Can you refinance federal student loans?
You can refinance both federal and private student loans. However, an important thing to know is that when you refinance federal student loans, you’re privatizing them. Meaning you can refinance federal student loans through private lenders, but you can’t transfer private loans to the federal government.
Refinancing private or federal loans could give you a lower interest rate. However, refinancing a federal loan means you no longer qualify for some federal loan benefits such as loan forgiveness, forbearance programs, and income-driven repayment options.
What do you need to be eligible for refinancing?

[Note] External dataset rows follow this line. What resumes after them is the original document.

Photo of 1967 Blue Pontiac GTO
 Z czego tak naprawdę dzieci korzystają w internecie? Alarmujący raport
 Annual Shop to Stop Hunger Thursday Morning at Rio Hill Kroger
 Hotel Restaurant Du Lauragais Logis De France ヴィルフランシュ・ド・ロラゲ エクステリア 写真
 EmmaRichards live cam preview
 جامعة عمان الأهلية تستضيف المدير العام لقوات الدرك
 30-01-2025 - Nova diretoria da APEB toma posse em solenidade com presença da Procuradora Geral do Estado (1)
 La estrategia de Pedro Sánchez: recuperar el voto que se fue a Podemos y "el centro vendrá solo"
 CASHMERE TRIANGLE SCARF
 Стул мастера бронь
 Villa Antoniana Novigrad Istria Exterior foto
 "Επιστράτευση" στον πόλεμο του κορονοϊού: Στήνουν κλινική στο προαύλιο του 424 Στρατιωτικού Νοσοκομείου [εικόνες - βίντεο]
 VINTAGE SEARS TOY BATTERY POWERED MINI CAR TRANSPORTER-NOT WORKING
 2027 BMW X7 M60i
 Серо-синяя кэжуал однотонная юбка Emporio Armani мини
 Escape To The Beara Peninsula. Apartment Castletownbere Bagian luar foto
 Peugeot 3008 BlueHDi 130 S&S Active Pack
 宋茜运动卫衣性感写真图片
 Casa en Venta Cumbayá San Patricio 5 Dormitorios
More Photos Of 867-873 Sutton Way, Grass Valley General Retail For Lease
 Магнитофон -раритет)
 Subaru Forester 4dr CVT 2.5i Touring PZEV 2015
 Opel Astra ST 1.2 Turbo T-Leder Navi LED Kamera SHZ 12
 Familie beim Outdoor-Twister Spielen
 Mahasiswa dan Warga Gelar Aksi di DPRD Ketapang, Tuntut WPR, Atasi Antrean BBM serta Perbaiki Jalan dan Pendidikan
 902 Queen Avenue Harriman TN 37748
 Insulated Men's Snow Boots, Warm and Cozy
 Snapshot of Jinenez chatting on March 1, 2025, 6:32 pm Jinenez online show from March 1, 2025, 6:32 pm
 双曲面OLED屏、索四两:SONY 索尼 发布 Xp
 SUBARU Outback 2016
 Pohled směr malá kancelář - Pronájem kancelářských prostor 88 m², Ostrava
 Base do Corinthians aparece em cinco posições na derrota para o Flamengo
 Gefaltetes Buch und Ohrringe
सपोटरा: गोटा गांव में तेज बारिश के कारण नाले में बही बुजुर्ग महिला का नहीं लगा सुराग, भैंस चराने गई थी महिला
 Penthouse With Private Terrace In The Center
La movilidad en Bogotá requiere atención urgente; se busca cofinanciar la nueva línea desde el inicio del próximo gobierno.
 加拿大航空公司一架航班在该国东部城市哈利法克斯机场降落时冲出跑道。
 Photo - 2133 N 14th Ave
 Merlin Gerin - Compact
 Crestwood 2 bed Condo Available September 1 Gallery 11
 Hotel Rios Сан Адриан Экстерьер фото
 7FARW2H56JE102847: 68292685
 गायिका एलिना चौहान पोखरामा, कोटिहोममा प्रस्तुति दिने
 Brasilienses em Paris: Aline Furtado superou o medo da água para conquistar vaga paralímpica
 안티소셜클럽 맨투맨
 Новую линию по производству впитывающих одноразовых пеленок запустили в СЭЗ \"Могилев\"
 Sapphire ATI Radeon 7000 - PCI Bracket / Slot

Whether you’re refinancing federal student loans, private student loans or a mix of both, lenders are looking for borrowers who have:
A good credit score
Your credit score not only determines whether you are eligible for refinancing, but it can also determine the interest rate you’ll get. Typically you need a credit score that is in the high 600s. Many private lenders, however, only consider borrowers who have scores in the 700s or higher.
Borrowers with low credit scores may be able to qualify by applying with a co-signer. Remember that your cosigner is putting his or her credit on the line, so it’s advisable to see if your lender offers features like a cosigner release, which removes the cosigner from the loan after a predetermined period of time in which you’ve proven you can make your payments.
A history of on-time loan payments
Lenders have to make sure that you will be able to pay off the debt. Therefore, they will likely check your credit report to find evidence that you’ve paid your loans regularly in the past.
Enough income to pay your debts
Lenders will also analyze your capacity to repay the refinanced law school loan. Some calculate the amount of debt you owe relative to your income.
The required debt-to-income ratio for student loan refinancing is generally 50% or lower. A DTI of 20% or less is excellent.
When to Refinance Student Loans
You should consider refinancing in these circumstances:
You have private loans with high variable rates
Interest rates are expected to surge through 2020, meaning that loans with variable rates may get even more expensive to repay. Therefore you should consider refinancing to lock in a fixed rate.
You have private loans with high interest rates
The point of refinancing your loans is to get a lower interest rate than what you already have on your original loan. The higher your current rate, the more likely you are to save money by refinancing at a lower rate.
Your credit score has improved dramatically
If refinancing doesn’t seem like an option when you graduate law school, consider it once you have a significantly better credit score.
Can you refinance student loans while still in school?
While many lenders won’t let law students refinance loans while still attending school, there are are two exceptions such as Earnest and SunTrust who consider students eligible for refinancing.
For many, refinancing makes sense only after finishing law school – it gives you time to build your credit history, find a job, and become eligible for the best possible rates.
However, if you already have a great credit while in school or have some savings on the side, you should consider refinancing as it will enable you to pay off your debts much faster.
When should you not refinance student loans?
You generally can’t or shouldn’t refinance if:
You have federal loans and see a drop in income
If you are between jobs or considering leaving the workforce for a period of time you should stay away from refinancing your federal loans.
You’re pursuing student loan forgiveness
Refinancing federal loans means you can’t apply for federal loan programs including Public Service Loan Forgiveness and Teacher Loan Forgiveness.
You’ve recently defaulted on student debt
If you have a default in your past, that most likely is a red flag for lenders. It takes typically seven years for the default to be wiped from your credit report.